Candlestick charts are a combination of a line chart and a bar graph, thus they represent more information than what is provided by either of the one alone. These charts indicate the users whether the buyers or the sellers dominate the market. In binary options trading, it is very essential to know how these charts can be useful in predicting the best points to buy and sell.
Candlestick charts are so named because of the thin bars that they are composed of which display the opening and closing stock price as well as its high/low range which resemble the wick of a candle.
Candles are arranged along a chart, in a pattern similar to a simple line graph, however they contain more information than a simple line graph can give.
The Bars – Each bar is represented by a hollow or filled in rectangle that indicates whether the stock closed above or below its initial selling price, respectively. A longer rectangle represents either increased buying or selling pressure due to the behavior of investors during the time period. Most candlestick bars are red and green. Red bars denote the assets price closed lower than it opened for that time period. Green bars denote that the asset closed higher than it opened for that period. The size of the bar represents the price movement of the asset from open to close.

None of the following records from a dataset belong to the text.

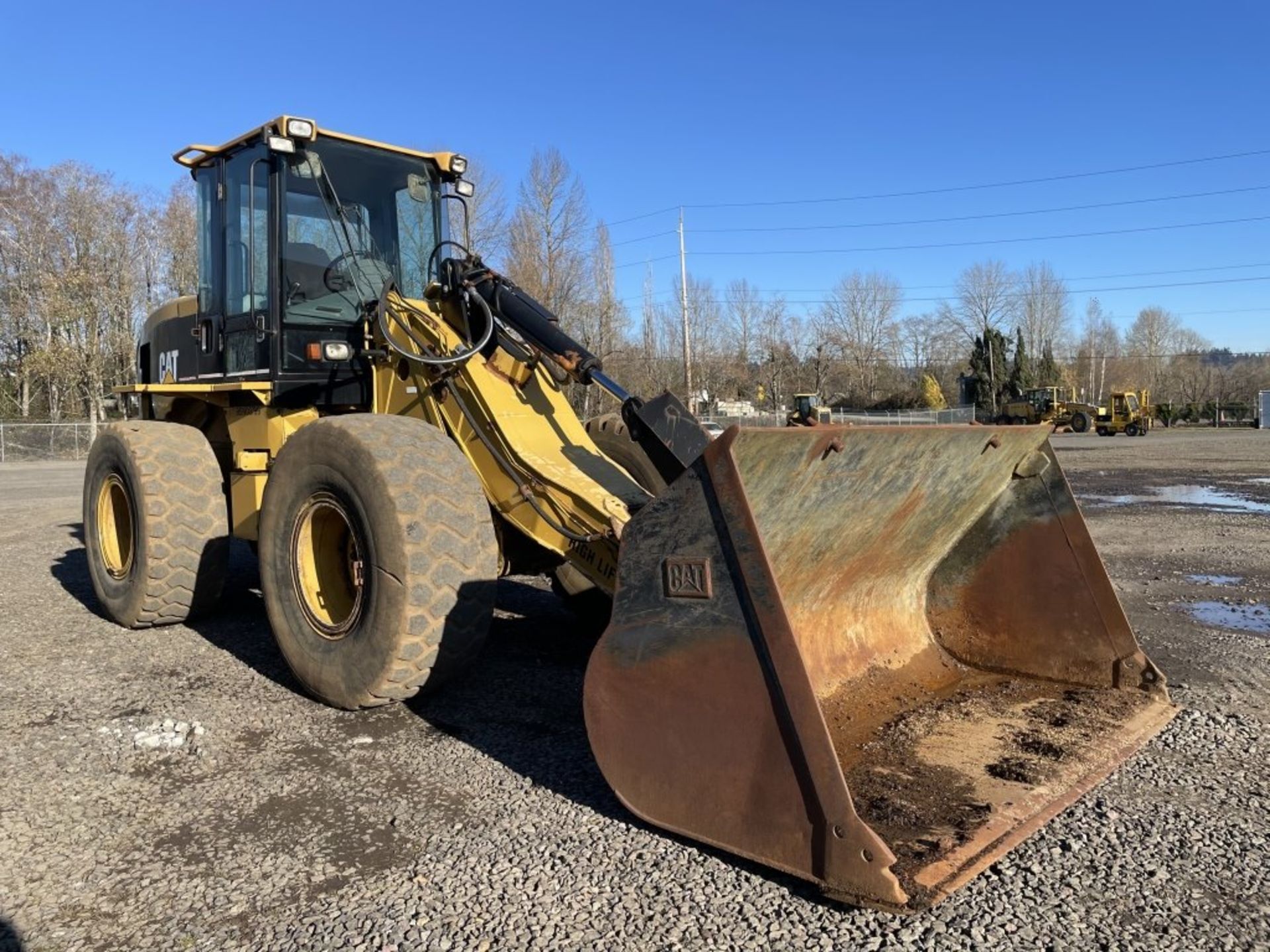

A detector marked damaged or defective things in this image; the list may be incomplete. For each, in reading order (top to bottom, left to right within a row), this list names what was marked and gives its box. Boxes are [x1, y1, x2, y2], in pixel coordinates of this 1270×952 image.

rusty loader bucket [581, 428, 1173, 914]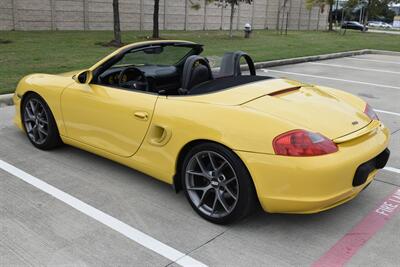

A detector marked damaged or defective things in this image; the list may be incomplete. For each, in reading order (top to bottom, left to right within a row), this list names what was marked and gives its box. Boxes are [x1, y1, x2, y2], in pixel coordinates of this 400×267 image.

pavement crack [164, 228, 230, 267]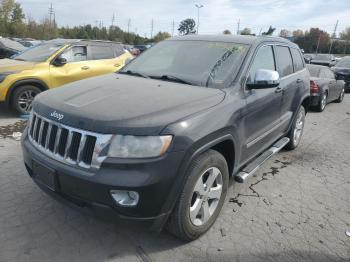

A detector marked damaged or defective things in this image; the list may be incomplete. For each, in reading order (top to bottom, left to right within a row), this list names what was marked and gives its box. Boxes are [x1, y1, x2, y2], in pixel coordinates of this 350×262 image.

cracked pavement [0, 96, 350, 262]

The wicks – also known as shadows – on the top and bottom of each candle is a line. This line shows the highest and lowest points reached by the asset during that particular time period. Long wicks tend to show a shift in behavior. Either, buyers drove prices up and then, trading slowed as investors refused to pay the high prices, or vice versa. The top of the wick is the high price the asset traded for during that candle. The low wick is the lowest price the asset traded for during that time period.